Produced for $US 4k, the comic-themed video has had millions of views since it was posted on February 23 2012 and the company now has thousands of subscribing customers in the US.
If you go to their website from an Australian IP address you currently get both an announcement and an invitation:
“Dollar Shave Club is coming to Australia!
The business was born out of founder Michael Dublin’s irritation with buying razor blades. He told the US Government’s National Public Radio network “you have to go in the store; you have to find the razor fortress; it’s always locked behind some Lucite case. Then you’ve got to find the guy with the key; he’s always texting his girlfriend; it takes five minutes.
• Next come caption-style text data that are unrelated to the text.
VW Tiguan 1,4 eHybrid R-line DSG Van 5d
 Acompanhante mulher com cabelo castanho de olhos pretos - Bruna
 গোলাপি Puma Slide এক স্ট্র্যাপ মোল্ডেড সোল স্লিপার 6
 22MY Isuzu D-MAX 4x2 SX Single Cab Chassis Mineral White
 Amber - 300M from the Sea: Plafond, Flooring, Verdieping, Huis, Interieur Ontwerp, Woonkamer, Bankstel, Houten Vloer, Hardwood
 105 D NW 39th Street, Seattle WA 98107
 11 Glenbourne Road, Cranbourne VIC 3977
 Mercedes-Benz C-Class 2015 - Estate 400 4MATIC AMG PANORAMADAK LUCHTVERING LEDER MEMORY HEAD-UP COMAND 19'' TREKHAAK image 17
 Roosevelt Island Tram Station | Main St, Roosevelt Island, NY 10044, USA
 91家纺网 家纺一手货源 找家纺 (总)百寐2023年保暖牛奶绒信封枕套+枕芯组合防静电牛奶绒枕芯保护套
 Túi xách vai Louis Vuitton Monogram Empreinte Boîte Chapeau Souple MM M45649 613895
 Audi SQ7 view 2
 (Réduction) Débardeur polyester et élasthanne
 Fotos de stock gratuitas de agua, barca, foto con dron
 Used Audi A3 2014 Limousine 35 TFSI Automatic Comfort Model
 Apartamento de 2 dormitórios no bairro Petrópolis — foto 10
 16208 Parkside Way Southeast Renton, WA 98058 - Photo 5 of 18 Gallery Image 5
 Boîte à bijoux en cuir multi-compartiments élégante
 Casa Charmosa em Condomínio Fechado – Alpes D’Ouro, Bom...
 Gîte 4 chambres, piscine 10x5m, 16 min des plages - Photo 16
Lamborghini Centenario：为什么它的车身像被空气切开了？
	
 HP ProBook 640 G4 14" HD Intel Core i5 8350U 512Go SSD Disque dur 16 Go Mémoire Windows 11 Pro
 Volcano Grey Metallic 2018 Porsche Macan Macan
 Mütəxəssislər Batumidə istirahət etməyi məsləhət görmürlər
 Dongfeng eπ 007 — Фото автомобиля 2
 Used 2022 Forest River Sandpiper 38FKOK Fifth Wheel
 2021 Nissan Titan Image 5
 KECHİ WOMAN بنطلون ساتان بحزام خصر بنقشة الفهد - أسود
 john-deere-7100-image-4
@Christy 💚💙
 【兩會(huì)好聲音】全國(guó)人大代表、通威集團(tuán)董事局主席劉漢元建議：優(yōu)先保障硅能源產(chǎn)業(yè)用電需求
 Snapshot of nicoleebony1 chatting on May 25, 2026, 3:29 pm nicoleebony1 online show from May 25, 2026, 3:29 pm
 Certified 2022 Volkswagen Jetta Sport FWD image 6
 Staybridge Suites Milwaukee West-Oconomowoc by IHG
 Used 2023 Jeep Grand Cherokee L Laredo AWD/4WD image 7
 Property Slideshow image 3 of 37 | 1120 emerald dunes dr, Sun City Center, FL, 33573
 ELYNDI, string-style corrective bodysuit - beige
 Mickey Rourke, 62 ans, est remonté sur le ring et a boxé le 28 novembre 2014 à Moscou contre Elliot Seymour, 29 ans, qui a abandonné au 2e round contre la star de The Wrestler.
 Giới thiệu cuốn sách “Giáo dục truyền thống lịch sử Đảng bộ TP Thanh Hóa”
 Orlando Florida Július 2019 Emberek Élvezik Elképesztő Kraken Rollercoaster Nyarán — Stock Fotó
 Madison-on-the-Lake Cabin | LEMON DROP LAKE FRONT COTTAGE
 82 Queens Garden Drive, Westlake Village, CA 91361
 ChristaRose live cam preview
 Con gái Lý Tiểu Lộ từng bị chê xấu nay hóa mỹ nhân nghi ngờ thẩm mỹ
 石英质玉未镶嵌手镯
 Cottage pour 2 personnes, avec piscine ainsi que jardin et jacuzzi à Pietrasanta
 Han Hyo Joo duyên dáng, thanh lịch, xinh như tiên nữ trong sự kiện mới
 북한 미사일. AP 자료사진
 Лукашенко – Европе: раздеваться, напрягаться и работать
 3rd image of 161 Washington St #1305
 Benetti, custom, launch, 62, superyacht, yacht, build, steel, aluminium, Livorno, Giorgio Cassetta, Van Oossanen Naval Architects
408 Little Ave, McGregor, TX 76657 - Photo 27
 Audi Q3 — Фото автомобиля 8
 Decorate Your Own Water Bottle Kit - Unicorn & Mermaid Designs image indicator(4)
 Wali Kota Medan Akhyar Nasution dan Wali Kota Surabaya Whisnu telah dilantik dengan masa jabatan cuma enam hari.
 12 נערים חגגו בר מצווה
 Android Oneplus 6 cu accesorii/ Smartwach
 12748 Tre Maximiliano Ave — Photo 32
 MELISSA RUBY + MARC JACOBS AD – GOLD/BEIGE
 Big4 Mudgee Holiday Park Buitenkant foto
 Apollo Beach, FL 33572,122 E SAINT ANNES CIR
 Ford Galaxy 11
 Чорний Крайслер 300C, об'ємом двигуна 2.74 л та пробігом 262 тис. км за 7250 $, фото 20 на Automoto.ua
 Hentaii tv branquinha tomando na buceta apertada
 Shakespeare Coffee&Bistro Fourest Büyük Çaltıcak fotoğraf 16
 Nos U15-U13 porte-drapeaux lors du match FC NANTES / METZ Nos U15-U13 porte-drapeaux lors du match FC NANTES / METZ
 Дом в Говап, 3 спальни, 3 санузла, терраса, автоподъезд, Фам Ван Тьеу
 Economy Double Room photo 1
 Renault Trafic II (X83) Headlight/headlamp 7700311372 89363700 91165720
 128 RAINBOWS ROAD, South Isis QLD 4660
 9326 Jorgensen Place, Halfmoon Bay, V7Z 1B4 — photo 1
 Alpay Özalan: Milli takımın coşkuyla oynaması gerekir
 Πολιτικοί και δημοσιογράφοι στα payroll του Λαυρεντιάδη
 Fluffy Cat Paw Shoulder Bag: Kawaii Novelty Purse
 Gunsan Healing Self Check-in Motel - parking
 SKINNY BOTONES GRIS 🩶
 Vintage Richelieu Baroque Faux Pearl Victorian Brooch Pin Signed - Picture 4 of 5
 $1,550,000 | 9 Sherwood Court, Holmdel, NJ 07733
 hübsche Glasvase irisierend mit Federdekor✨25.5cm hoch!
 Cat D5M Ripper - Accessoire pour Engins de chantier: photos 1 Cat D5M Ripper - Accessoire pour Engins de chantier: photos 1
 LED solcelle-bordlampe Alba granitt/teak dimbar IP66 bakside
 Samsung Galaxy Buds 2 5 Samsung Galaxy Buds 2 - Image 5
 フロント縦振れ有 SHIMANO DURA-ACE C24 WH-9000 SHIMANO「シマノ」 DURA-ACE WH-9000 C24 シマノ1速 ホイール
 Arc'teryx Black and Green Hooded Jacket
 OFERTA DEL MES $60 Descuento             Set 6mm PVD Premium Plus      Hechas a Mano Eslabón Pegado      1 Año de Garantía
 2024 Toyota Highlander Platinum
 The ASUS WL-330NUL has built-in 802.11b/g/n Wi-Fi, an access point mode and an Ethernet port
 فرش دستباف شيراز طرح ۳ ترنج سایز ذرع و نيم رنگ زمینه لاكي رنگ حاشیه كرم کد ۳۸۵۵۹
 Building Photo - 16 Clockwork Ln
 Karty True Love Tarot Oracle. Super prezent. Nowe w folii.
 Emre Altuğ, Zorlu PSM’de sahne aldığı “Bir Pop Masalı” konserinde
And then you get to the register, and it costs 20 bucks — and who wants to do that?”
Confident that many potenital customers share his frustration with the status quo, Dublin is attempting to ride the growing “subscription economy”, which is enabled by digital dynamics that did not exist a decade ago.
Is the Gillette giant worried? They may not be not shaking in their boots, but no doubt they are tracking DollarShaveClub.com’s progress.
Should the big corporate have moved first and attempted to eat its own lunch rather than leave the door open? That’s always a tough call for an established encumbent.
Even if this particular upstart doesn’t survive and thrive over the long haul, who is else is out there engineering a low cost, high impact digital model that will slice into Gillette’s high-margin business?